The hottest segment in the industry remains crossovers — vehicles that resemble SUVs but have passenger car qualities. There will be seven new entries in the segment ranging from the entry level Hyundai Tucson to the midsize Chevrolet Equinox and Ford Freestyle up to the luxury BMW X3.
Another more heavily contested area will be with large-size light trucks.
Nissan North America Inc. is adding 100,000 units of available product to the large-pickup fray with its new Titan, and another 55,000 big SUVs thanks to the Nissan Pathfinder Armada and Infiniti QX56.
Minivans will see fiercer competition, too, and the segment may even see a sales turnaround from the downturn it's undergone in recent years. Ford Motor Co. will have a full year's worth of the new Ford Freestar and Mercury Monterrey vans as will Nissan with its revamped Quest.
Furthermore, General Motors Corp. at mid-year reinvigorates its minivan line with its new “sport crossovers”, the Chevrolet Uplander and Pontiac Montana SV6. Not stopping there, it adds the Saturn Relay and upscale Buick Terraza.
Oldsmobile Silhouette goes away mid-year, but its impact will be negligible. The segment gets testier as Honda redesigns the Odyssey and DaimlerChrysler offers a fold-down third-row seat option for the Dodge Caravan and Chrysler Town & Country.

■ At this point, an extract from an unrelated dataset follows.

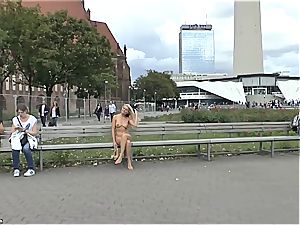 platinum-blonde Czech teenage displaying her red-hot bod nude in public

Another area to watch is small cars, a segment that has been largely in decline.
GM is bringing in 70,000 South Korean-built Chevrolet Aveos to compete in the low end against the Hyundai Accent, Kia Rio and Toyota Echo. At the higher end, it debuts the Cavalier-replacement Chevy Cobalt this year, although it will not replace the Pontiac Sunfire.
More interesting is how Toyota North American U.S.A. Inc.'s new Scion brand does in 2004 when it begins expanding its availability across more of the U.S. If Toyota has its way, Scion bring 100,000 units annually to the small car market.
Other car segments, that have been bleeding sales to trucks, are likely to experience more squeezing than growth thanks to new products.
In the mid-size car segment, Ford introduces the new midsize Five Hundred and Mercury Montego this year, while still keeping the Ford Taurus in production.
BMW North America LLC tentatively brings two new luxury cars to the market — 1 Series and 6 Series — while redesigning the popular 3 Series. At the same time, Lexus does makeovers on the Is 300, GS 300 and GS 430 — including all-wheel-drive options on the GS models — overhauls are done to the Audi A6 and Infiniti M45, and Cadillac replaces the aging Seville with the rear-/all-wheel-drive STS.
In the end, car sales overall are not likely to increase, and more players will make those segments even more heated than they are now. Growth will happen on the truck side with crossover vehicles being the big gainers again, but competition will remain intense.
This kind of competition could make a 17-million unit sales outlook look low.
Haig Stoddard is manager of industry analysis for Ward's Communications.